Recently I’ve had a number of letters from teenagers wanting advice on how to get their novel published and wondering whether their age will make it harder for them to get it into print. Specifically, would they be discriminated against because they were only thirteen or fourteen or fifteen or sixteen or whatever?
The simple answer is no. When you submit a query letter to a publisher or agent you don’t have to tell them how old you are. You’ll be rejected or accepted on the quality of your submission.
She also goes on to say:
Up until I was 15, I had a number of other poems and stories published. Without motherly intervention even. Every one of them with my age beside my name. After that, nothing of mine was published until I was in my thirties.

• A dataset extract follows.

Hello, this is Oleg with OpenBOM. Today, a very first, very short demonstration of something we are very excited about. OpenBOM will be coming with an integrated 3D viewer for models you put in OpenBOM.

Another simple answer: I started competing with adults. I stopped listing my age and started sending to more grown up venues. My work was not as good as that of the grown ups. I didn’t find my way into print again until I was way past my child prodigy days.
Like Justine or Sartorias, I also started out a young writer (I guess I still am according to some). My first serious attempts were when I was ~15 and started entering the Writers of The Future competition. Justine gives some good advice in general. Unlike Justine I don’t think anyone considered me a prodigy or anything decent (what my parents might say after-the-fact notwithstanding, they were very puzzled by the writing thing for a long, long time) or even above average. And I wasn’t. I was kinda stubborn though, and I kept at it.
I did shamelessly mention my age when I started submitting. My cover letter had a line in it that went something like ‘I’m an 18 year old SF/F writer recently moved to the states who is just starting out, as a result, any critique you might have in response to this piece would be extraordinarily welcome. Thanks, Tobias.’ It got me a fair number of editorial comments back that helped me out.
So I do think that focusing on the craft and Justine’s advice is great (at any level).
The place I got hung up on and stopped nodding and agreeing, and found I had to bookmark and respond (several weeks later now) was in Sartorias’ comments, where she says:
Age is necessary, I think…young authors who publish have a certain amount of skill at telling others’ stories, but except for Carolyn Glyn, there isn’t much original there. It takes us time and life experience to both get the skill–and have something to say that just isn’t regurgitation from our most passionate reading.
If you’ve read my blog over the years you might guess this always annoys me, because right now there are 14 year olds in New Orleans who are racking up the kind of life experience that a 30 year old in a factory in Ohio won’t ever achieve. The ‘life experience’ canard is one that annoys me. You don’t need to have aged like a fine wine to tell a good story, and there are many people who master their career at a young age because they spent a lot of time working at it.
I do think there is an apprentice period when working up to becoming a writer. It may be X number of garbage words, or X number of hours spent writing, or X years before things click, and it varies from writer to writer. But often enough I talk to someone jokes (half jokes) that I’m ‘too young to be published’ and I often find out in terms of words written, stories written, and years practicing, I have them beat. For 11 years now I’ve sat down and tried to write as often as I could during the week, and I’ve written over 100 short stories since I started at 15 (averaging about 1/month, if you think about it over the big picture), 1/2 of a novel at 17 that got lost in a hard drive crash, a full novel, and I’m close to finishing my second. I’m not Asimov (who started publishing in his teens, btw), but I’ve put in a fair amount of work. And
I’m always beating myself up about getting better to compensate for all the things I’m horrible at.
I really think the work and focus on learning and self-improvement put in has more to do with it than the age.
So, um, yeah, I respectfully have to disagree 🙂 Younger writers can get published, and you don’t need to collect a certain amount of life experience points to have something worth saying.
But, you will have to put in the work. Just like everyone else.